Some buildings can be nice. But the real crime with brutalism was the stuff that got demolished to make room for it. Also, a lot of brutalist buildings have not aged well. Concrete gets ugly after a few decades.

And there's also the notion that a lot of brutalist architecture that isn't all that beautiful. There are some counter examples of course. But there are also plenty of really nasty urban areas that aren't exactly attracting hordes of tourists because it makes people feel miserable rather than amazed. Cheap construction, a vision that never panned out, etc.

I'm a big fan of the Bauhaus movement because it combines elements of what later became the brutalist movement but with a human perspective. There's something very optimistic about it and they thought hard about the human scale of things and how people would live in these buildings. A lot of that design still feels modern and progressive even a century later. Brutalism lost that human perspective.

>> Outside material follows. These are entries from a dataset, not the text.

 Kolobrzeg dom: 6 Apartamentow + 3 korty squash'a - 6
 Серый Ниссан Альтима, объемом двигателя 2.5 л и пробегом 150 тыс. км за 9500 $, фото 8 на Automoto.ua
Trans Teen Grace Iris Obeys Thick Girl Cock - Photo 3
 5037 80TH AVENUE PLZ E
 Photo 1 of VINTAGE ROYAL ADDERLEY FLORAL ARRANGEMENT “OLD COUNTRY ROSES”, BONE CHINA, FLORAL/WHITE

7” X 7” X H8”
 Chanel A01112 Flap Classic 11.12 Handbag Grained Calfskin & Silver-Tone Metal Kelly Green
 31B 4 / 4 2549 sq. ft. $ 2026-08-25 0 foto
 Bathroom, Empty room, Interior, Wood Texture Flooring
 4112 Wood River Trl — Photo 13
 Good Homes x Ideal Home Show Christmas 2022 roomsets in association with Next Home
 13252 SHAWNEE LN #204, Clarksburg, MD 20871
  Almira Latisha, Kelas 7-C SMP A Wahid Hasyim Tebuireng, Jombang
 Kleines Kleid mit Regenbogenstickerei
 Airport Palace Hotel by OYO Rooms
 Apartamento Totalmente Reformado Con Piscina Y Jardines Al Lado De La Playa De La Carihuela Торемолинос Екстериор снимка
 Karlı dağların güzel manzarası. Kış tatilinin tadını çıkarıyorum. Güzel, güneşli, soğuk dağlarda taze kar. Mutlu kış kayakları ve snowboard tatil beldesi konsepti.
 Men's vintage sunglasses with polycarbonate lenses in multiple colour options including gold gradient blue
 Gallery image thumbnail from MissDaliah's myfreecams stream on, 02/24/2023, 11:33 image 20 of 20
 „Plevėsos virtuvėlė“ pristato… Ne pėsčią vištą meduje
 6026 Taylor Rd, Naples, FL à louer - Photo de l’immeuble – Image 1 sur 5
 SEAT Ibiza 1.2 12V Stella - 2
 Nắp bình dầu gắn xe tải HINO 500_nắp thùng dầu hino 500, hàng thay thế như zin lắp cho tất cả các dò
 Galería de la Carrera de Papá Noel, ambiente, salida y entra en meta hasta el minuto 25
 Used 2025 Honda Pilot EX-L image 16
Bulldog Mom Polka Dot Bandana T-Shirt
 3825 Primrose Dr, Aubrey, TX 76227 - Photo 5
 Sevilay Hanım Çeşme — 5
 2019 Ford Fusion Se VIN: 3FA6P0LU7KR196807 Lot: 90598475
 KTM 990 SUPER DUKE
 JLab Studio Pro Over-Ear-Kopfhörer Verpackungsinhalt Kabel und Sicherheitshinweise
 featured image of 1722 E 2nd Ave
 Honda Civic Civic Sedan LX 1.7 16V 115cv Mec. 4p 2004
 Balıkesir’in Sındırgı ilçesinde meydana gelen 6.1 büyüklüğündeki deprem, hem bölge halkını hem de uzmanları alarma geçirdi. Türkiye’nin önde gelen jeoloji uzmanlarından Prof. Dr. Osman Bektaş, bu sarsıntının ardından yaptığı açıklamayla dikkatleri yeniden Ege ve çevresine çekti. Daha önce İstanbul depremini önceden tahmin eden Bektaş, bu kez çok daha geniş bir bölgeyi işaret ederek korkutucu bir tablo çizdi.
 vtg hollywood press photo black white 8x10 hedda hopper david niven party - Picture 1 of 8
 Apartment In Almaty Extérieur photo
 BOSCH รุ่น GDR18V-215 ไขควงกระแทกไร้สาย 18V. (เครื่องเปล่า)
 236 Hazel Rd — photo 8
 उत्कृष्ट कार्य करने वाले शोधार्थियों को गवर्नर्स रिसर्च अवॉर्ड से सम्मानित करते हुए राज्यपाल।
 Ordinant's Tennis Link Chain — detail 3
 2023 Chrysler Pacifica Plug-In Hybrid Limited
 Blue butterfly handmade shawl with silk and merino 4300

> But the real crime with brutalism was the stuff that got demolished to make room for it

The Barbican was a literal bomb site after the war [1]. Blame Hitler, not urban planning.

[1] https://historicengland.org.uk/images-books/archive/collecti...


I like them for two reasons:

1. They go really well with greenery. There is a book and social media account that covers this called Brutalist Plants. The contrast works exceptionally well and reminds me of nature-integrated architecture. I’d almost even say that brutalist buildings without the exterior greenery are incomplete.

2. They are buildings created with a visually coherent philosophy, even if we might disagree with it. That makes them more interesting than most contemporary buildings, which are basically just generic shells made for the smallest budget possible.


To illustrate your first point, it's worth having a look at the Southbank Centre's roof garden: https://thenudge.com/london-bars/queen-elizabeth-hall-roof-g...

The people in this thread complaining about how grim and grey it is have clearly never ventured up the yellow staircase!


Not just futuristic, they’re designed with intention. That’s what I miss most of all about the current buildings.

Futuristic in a Bladerunner way, not a Star Trek way.

The kind of future where it always rains, it’s always nighttime, and people hide themselves away in fear.


The word you're looking for is dystopia (Star Trek being mostly utopia, at least in the original timeline and as far as Earth/the Federation is concerned).

I’m sure it would rain all the time in Star Trek were it not for the fact that it’s set on a space ship.